Although Miller only signed a minor league contract with the Cubs in mid-December, the organization has made him feel at home. He is in constant communication with the team’s head major league strength and conditioning coach and nutritionist. Third base coach Will Venable is moderating a group chat among the Cubs outfielders. Miller has even gone out of his way to text Jason Heyward about his approach, defense and mindset.

“My goal was to be the best Ian Miller I could be and show the league what I could do, speed-wise, in weird ways, ways people have never seen before,” Miller said. “I went into battle every single day willing to die with that approach.”
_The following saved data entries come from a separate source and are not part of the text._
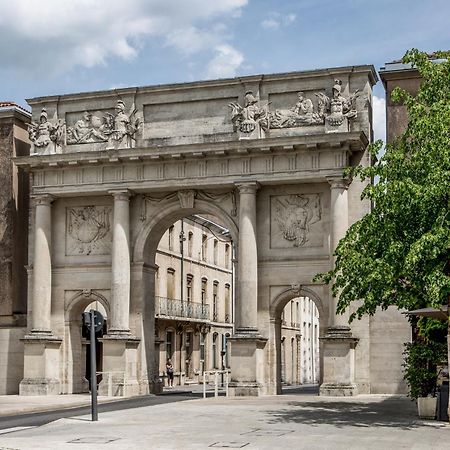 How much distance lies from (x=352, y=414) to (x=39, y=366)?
15.9 meters

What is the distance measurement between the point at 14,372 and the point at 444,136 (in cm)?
2353

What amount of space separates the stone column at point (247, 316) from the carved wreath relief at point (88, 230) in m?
5.97

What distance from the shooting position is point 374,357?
3344cm

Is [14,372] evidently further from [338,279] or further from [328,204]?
[338,279]

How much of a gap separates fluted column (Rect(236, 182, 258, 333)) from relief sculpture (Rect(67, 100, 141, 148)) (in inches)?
197

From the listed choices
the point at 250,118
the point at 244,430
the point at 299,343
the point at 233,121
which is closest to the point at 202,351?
the point at 299,343

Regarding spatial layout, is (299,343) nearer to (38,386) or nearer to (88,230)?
(88,230)

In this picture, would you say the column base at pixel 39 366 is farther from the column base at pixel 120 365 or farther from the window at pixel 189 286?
the window at pixel 189 286

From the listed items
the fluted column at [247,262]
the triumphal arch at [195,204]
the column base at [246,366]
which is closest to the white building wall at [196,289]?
the triumphal arch at [195,204]

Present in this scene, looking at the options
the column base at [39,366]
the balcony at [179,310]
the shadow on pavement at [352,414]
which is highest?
the balcony at [179,310]

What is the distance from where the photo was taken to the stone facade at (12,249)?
37.9 meters

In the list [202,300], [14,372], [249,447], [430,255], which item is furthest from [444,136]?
[202,300]

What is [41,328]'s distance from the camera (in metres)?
36.2

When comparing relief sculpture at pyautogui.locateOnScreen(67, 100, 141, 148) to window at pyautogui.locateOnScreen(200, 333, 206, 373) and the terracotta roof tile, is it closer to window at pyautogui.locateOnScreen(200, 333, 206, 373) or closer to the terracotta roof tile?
the terracotta roof tile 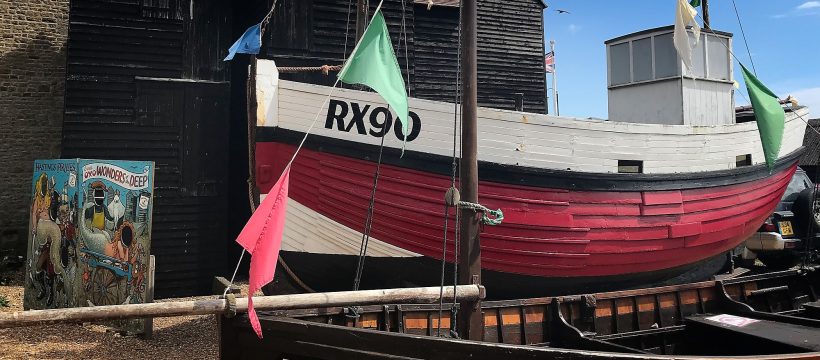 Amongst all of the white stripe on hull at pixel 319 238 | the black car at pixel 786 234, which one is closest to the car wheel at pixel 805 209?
the black car at pixel 786 234

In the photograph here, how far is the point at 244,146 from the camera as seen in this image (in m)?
12.5

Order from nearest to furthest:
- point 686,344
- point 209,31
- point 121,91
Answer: point 686,344 < point 121,91 < point 209,31

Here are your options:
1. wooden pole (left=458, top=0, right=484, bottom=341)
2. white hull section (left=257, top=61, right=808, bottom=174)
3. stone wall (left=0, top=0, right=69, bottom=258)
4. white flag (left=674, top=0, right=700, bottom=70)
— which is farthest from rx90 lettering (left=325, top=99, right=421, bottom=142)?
stone wall (left=0, top=0, right=69, bottom=258)

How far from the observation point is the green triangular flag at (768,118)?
291 inches

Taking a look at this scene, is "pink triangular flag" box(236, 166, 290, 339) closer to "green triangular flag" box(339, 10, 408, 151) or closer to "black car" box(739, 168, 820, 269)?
"green triangular flag" box(339, 10, 408, 151)

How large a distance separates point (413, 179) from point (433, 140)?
52cm

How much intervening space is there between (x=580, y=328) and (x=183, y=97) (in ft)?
30.5

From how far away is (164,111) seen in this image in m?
11.4

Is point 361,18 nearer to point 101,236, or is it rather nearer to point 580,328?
point 101,236

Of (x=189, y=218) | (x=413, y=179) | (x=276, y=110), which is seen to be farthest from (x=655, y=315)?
(x=189, y=218)

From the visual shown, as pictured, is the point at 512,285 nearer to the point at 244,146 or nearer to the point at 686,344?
the point at 686,344

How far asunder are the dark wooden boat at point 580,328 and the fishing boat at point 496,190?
125cm

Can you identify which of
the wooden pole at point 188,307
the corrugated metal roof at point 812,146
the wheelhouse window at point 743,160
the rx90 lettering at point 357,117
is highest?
the corrugated metal roof at point 812,146

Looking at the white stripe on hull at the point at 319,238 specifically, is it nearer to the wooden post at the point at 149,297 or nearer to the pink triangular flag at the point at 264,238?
the wooden post at the point at 149,297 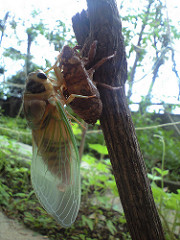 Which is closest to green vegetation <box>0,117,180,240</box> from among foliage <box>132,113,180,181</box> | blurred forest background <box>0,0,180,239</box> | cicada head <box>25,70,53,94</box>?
blurred forest background <box>0,0,180,239</box>

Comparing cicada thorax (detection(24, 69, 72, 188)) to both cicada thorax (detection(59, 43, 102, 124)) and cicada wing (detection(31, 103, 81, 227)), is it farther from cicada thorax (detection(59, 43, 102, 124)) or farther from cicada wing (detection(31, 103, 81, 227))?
cicada thorax (detection(59, 43, 102, 124))

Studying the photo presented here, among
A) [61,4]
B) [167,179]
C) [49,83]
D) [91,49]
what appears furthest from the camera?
[167,179]

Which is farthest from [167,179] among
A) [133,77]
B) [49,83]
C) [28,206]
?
[49,83]

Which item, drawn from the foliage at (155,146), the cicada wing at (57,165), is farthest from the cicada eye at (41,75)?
the foliage at (155,146)

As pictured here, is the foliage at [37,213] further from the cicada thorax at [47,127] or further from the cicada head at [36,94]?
the cicada head at [36,94]

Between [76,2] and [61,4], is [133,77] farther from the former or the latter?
[76,2]

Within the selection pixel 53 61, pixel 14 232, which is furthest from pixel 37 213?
pixel 53 61

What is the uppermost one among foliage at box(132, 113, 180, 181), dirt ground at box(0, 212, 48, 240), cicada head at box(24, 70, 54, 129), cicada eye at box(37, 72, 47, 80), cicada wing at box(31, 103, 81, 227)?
cicada eye at box(37, 72, 47, 80) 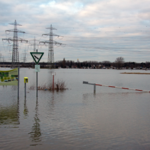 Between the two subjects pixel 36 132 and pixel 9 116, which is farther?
pixel 9 116

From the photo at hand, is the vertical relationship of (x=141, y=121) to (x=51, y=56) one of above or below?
below

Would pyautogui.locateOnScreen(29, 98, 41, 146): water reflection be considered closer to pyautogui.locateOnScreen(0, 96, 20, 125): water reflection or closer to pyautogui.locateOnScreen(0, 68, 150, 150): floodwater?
pyautogui.locateOnScreen(0, 68, 150, 150): floodwater

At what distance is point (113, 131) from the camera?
24.1ft

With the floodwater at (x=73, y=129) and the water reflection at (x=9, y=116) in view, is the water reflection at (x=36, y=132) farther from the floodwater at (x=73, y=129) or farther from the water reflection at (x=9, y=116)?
the water reflection at (x=9, y=116)

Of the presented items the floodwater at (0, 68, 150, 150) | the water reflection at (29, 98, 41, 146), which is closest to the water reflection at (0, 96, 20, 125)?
the floodwater at (0, 68, 150, 150)

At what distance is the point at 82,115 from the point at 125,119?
71.9 inches

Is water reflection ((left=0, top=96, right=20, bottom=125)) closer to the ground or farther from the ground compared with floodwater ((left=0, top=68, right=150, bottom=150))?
farther from the ground

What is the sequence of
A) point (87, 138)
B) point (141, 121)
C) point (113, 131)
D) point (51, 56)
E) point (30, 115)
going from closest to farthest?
point (87, 138), point (113, 131), point (141, 121), point (30, 115), point (51, 56)

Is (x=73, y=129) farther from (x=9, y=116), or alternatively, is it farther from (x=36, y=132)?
(x=9, y=116)

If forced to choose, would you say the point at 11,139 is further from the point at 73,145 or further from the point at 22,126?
the point at 73,145

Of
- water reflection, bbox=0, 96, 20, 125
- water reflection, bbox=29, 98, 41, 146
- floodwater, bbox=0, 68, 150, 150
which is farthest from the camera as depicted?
water reflection, bbox=0, 96, 20, 125

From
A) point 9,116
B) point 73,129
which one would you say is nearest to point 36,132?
point 73,129

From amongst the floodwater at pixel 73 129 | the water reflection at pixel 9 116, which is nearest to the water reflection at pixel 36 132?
the floodwater at pixel 73 129

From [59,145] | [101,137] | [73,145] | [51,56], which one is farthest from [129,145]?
[51,56] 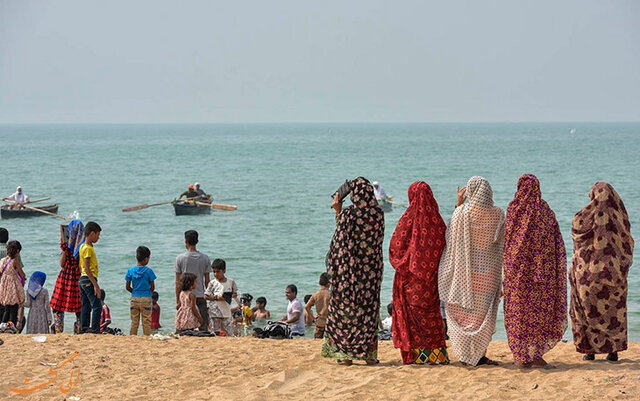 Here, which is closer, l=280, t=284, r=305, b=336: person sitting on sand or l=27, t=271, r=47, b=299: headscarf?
l=27, t=271, r=47, b=299: headscarf

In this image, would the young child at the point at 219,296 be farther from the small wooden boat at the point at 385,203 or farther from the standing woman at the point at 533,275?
the small wooden boat at the point at 385,203

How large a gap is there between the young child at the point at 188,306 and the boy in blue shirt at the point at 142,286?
36cm

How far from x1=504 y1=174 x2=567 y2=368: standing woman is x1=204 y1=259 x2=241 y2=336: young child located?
3.72 meters

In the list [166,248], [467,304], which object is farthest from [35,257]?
[467,304]

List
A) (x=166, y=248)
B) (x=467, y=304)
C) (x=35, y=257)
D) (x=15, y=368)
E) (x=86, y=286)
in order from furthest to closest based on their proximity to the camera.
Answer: (x=166, y=248) → (x=35, y=257) → (x=86, y=286) → (x=15, y=368) → (x=467, y=304)

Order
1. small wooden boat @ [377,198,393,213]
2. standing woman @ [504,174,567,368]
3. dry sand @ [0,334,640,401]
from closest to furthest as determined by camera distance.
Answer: dry sand @ [0,334,640,401]
standing woman @ [504,174,567,368]
small wooden boat @ [377,198,393,213]

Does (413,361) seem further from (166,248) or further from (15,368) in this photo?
(166,248)

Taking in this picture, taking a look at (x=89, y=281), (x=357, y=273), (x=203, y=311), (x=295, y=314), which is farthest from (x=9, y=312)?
(x=357, y=273)

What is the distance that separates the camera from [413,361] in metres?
6.84

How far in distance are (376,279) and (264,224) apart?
88.5ft

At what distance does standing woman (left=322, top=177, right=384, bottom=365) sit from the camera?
675cm

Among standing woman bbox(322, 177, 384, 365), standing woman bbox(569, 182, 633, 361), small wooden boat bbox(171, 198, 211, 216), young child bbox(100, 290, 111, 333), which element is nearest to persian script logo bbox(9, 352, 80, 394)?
young child bbox(100, 290, 111, 333)

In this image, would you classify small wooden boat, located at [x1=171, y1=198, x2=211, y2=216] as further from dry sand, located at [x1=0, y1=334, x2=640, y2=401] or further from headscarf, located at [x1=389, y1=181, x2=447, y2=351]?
headscarf, located at [x1=389, y1=181, x2=447, y2=351]

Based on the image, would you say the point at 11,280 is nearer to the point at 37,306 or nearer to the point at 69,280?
the point at 37,306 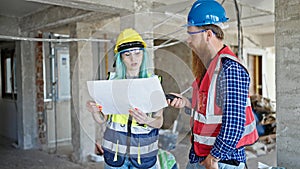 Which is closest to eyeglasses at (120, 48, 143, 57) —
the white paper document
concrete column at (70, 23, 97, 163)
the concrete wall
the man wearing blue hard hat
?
the white paper document

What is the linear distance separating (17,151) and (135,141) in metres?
4.27

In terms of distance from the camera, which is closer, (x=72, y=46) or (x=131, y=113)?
(x=131, y=113)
Miller’s speed-first skillset is one the Cubs have lacked in recent years. In each of the last three seasons, the club has finished in the bottom seven of the league in stolen bases. While the league as a whole has turned away from stolen bases, the break-even point for stolen base success rate sits around 75 percent. Miller has eclipsed that mark consistently in his career. He has also played well defensively in the outfield per metrics from Fangraphs and Baseball Savant.

If Miller can maintain a league-average OBP at the major league level with his speed and defense, the Cubs could give manager David Ross a dynamic tool to impact games in a variety of ways. If rosters expand beyond the expected 26-man iterations agreed upon this winter during the shortened 2020 season, Miller could be presented with an opportunity.

“If a game is going to happen tomorrow, I’d be chomping at the bit,” Miller said. “Bottom of the 9th, two outs, I’d steal a base if I had to.”